What is the describe() function?
The describe() function is available in several R packages, with Hmisc and psych being the most popular. This article will guide you through using the describe() function from both packages. the following packages are:
- Hmisc Package
- psych Package
Installing the Required Packages
Before using the describe() function, ensure that the necessary packages are installed and loaded.
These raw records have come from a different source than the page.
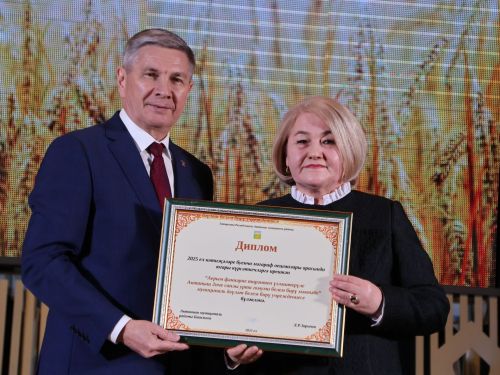 Безнең фоторепортаж: Алдынгылар слеты-2025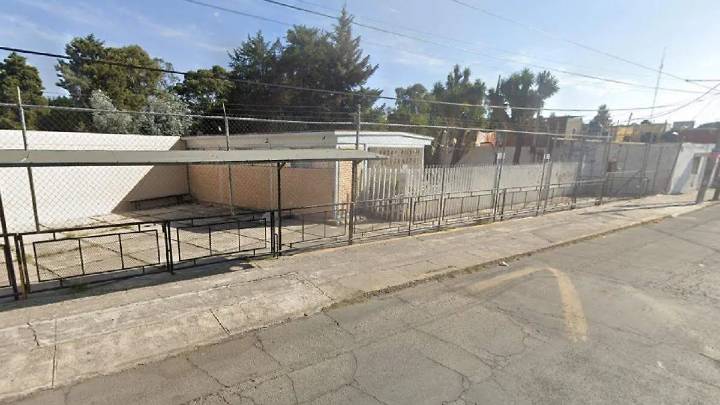 Joven es asaltado frente al Centro Escolar El Chamizal; pide ayuda a automovilistas y es ignorado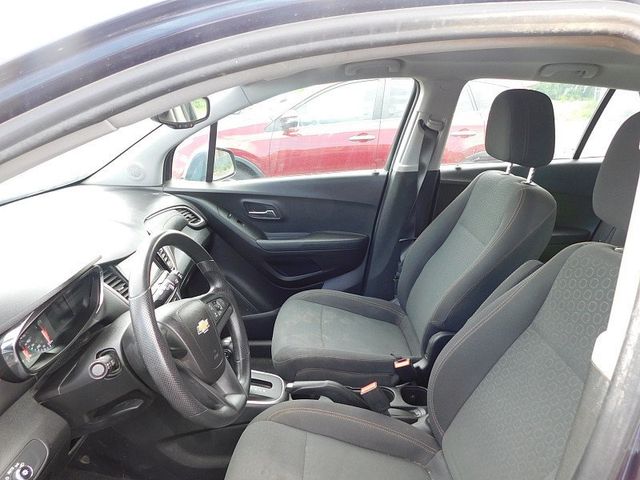 2019 Chevrolet Trax 4d SUV FWD LS - 22795207 - 8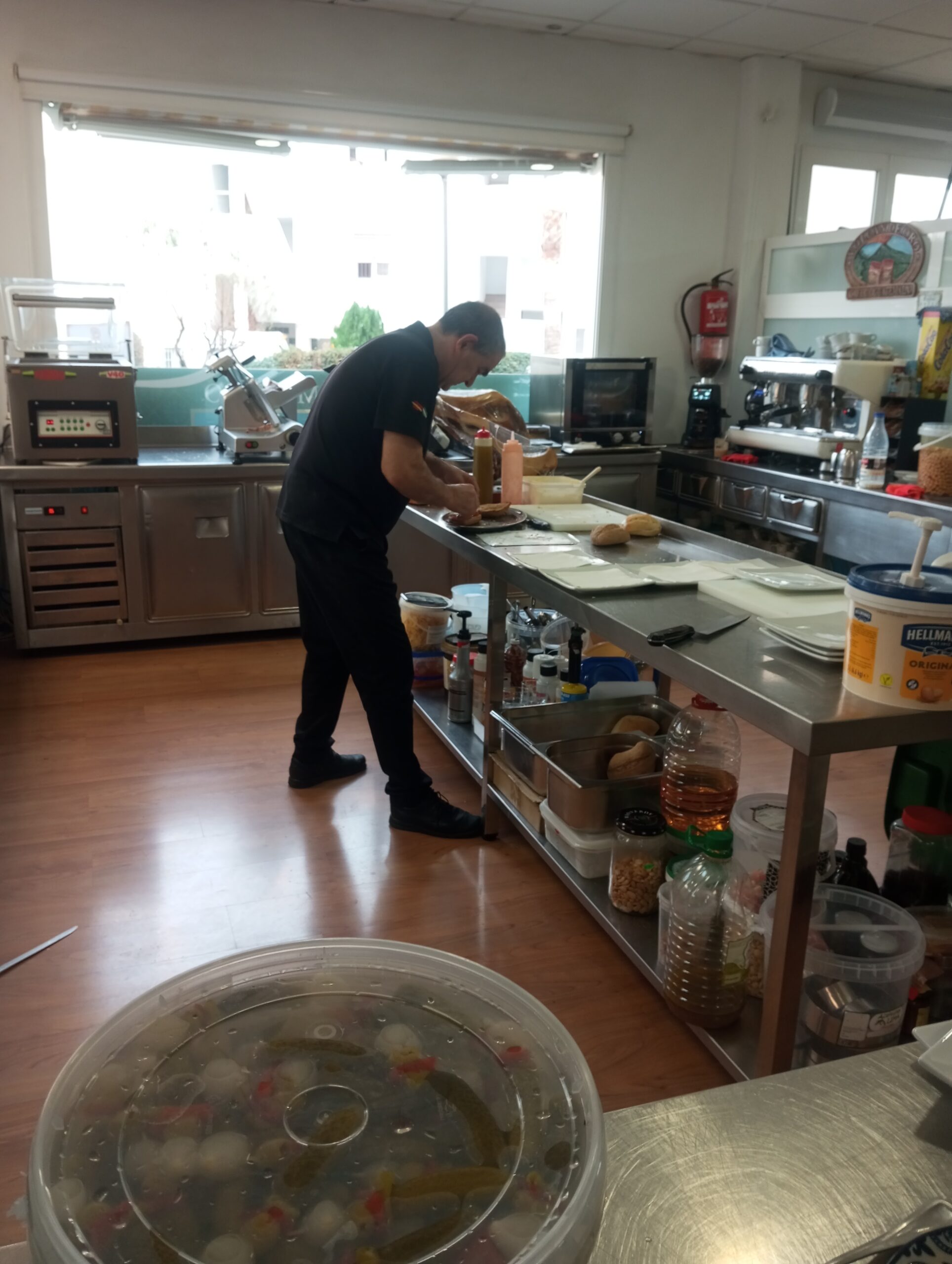 La despensa de Manolo, Grupo Pedro Tirado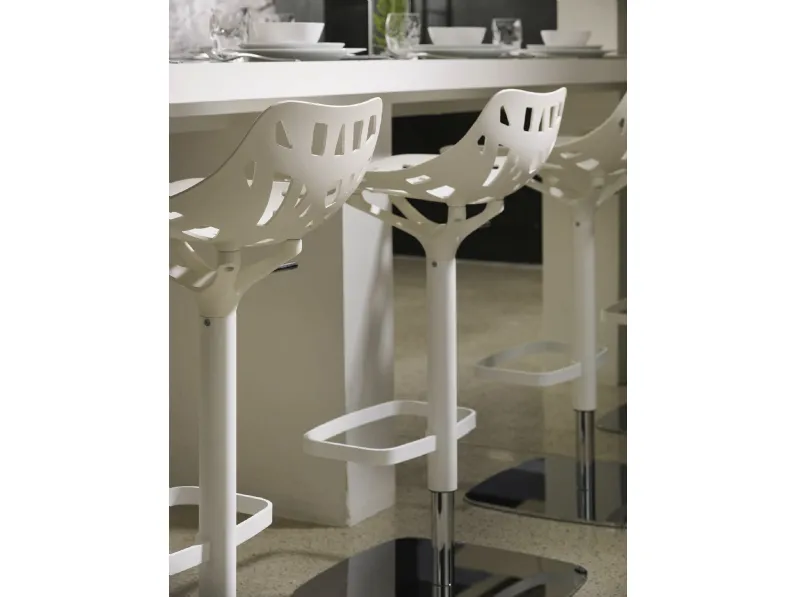 Sgabello Pelota in alluminio pressofuso con base regolabile in altezza di Casprini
You can install the packages using the following commands:
install.packages(“Hmisc”)
library(Hmisc)
install.packages(“psych”)
library(psych)
Using describe() from the Hmisc Package
The describe() function from the Hmisc package provides a detailed summary of each variable in a data frame, including the number of missing values, unique values, mean, and quantiles.
library(Hmisc)
# Example data frame
data <- data.frame(
age = c(25, 30, 35, 40, 45, NA),
income = c(50000, 60000, 65000, 70000, 75000, 80000),
gender = factor(c("male", "female", "female", "male", "male", "female"))
)
# Using describe() from Hmisc
describe(data)
Output:
data
3 Variables 6 Observations
----------------------------------------------------------------------------------------
age
n missing distinct Info Mean Gmd
5 1 5 1 35 10
Value 25 30 35 40 45
Frequency 1 1 1 1 1
Proportion 0.2 0.2 0.2 0.2 0.2
For the frequency table, variable is rounded to the nearest 0
----------------------------------------------------------------------------------------
income
n missing distinct Info Mean Gmd
6 0 6 1 66667 13333
Value 50000 60000 65000 70000 75000 80000
Frequency 1 1 1 1 1 1
Proportion 0.167 0.167 0.167 0.167 0.167 0.167
For the frequency table, variable is rounded to the nearest 0
----------------------------------------------------------------------------------------
gender
n missing distinct
6 0 2
Value female male
Frequency 3 3
Proportion 0.5 0.5
----------------------------------------------------------------------------------------
The output includes the number of observations (n), missing values (missing), unique values (unique), mean, standard deviation (sd), and various percentiles for numeric variables. For factor variables, it shows the count and the unique categories.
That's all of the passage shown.